Now here’s the thing, the President of the United States has a constitutional duty to appoint a replacement to Scalia .
Failing which he would exactly be in direct contravention of his duties and responsibilities as president.
President Obama will be in office until January of 2017 a full 11 months away. Nevertheless the old curmudgeon Senate Majority leader Mitch McConell was quick to say the Senate would not take up any appointment the president puts forward as a replacement to Scalia. For those not so familiar with the US Constitution the President is duty bound to appoint a replacement and the senate has a duty to advise and consent on a potential replacement.
To suggest that the senate will not even consider a Obama appointee is simply obstructionism in it’s most blatant form.
Lets talk about Ted Cruz for a second.
Here is a Cuban Hispanic who has somehow managed to transform himself from a Canadian born Cuban to a Southern white Anglo-Saxon who wraps himself in the American flag under the guise of a Constitutional purist.
Yet the very moment it is convenient for Cruz and his party politically the little Cuban shreds the constitution with reckless abandon.
Even Cruz’s Republican colleagues criticize him for being a liar and a pretentious bastard No one is as conservative as Cruz. No one is a christian as Cruz. No one is more Reagan than Cruz. Only problem is that Reagan could not pass muster as a conservative in Ted Cruz’x GOP.
President Obama addressed the nation on the passing of Scalia .
PRESIDENT OBAMA: Good evening, everybody. For almost 30 years, Justice Antonin “Nino” Scalia was a larger-than-life presence on the bench — a brilliant legal mind with an energetic style, incisive wit, and colorful opinions.
He influenced a generation of judges, lawyers, and students, and profoundly shaped the legal landscape. He will no doubt be remembered as one of the most consequential judges and thinkers to serve on the Supreme Court. Justice Scalia dedicated his life to the cornerstone of our democracy: The rule of law. Tonight, we honor his extraordinary service to our nation and remember one of the towering legal figures of our time. Antonin Scalia was born in Trenton, New Jersey to an Italian immigrant family. After graduating from Georgetown University and Harvard Law School, he worked at a law firm and taught law before entering a life of public service.

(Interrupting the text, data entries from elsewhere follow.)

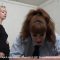Bare bottom paddling for Zoe Page, cheeks bouncing from Lucy’s swatsE
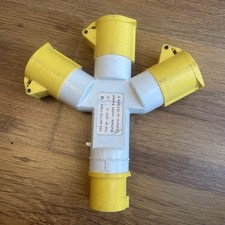 Master plug 16A 3-Way splitter 110v. 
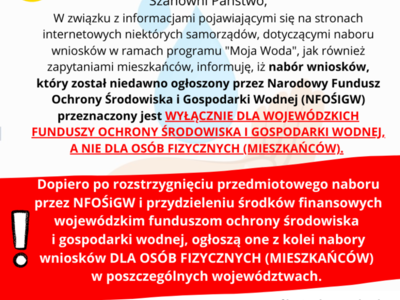 Komunikat Wójta Gminy Jasieniec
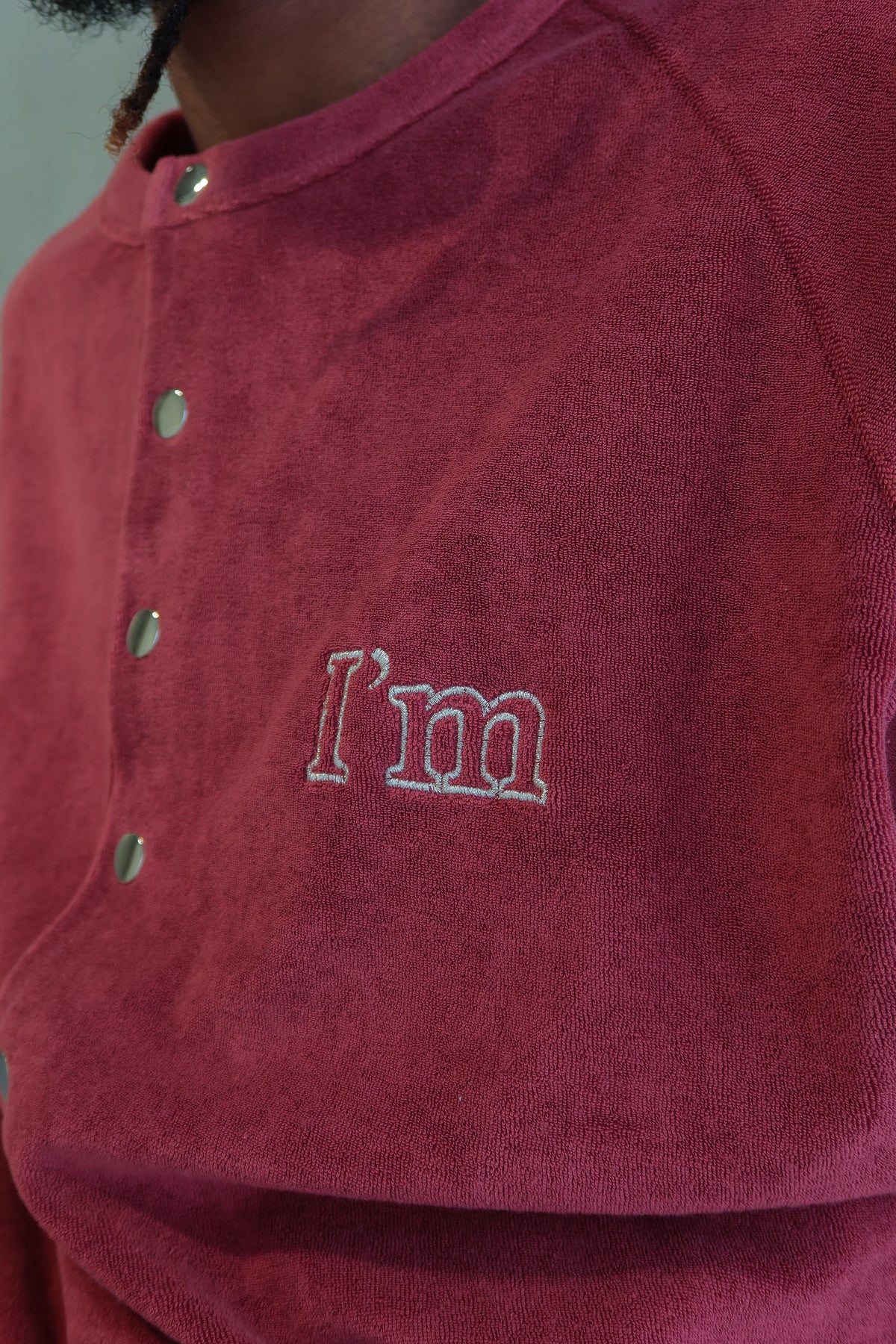 I'M LOGO PILE HENLEY TEE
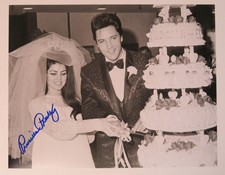 Priscilla Presley ELVIS PRESLEY Signed Autograph Auto 11x14 Photo JSA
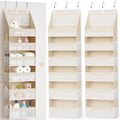 Criusia 2 Pack Over the Door Organizer, 6-Shelf Closet Hanging Storage with 13 Mesh Pockets, 55lbs Capacity Behind the Door Stor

He rose from Assistant Attorney General for the Office of Legal Counsel to Judge on the D.C. Circuit Court, to Associate Justice of the Supreme Court. A devout Catholic, he was the proud father of nine children and grandfather to many loving grandchildren. Justice Scalia was both an avid hunter and an opera lover — a passion for music that he shared with his dear colleague and friend, Justice Ruth Bader Ginsberg. Michelle and I were proud to welcome him to the White House, including in 2012 for a State Dinner for Prime Minister David Cameron. And tonight, we join his fellow justices in mourning this remarkable man.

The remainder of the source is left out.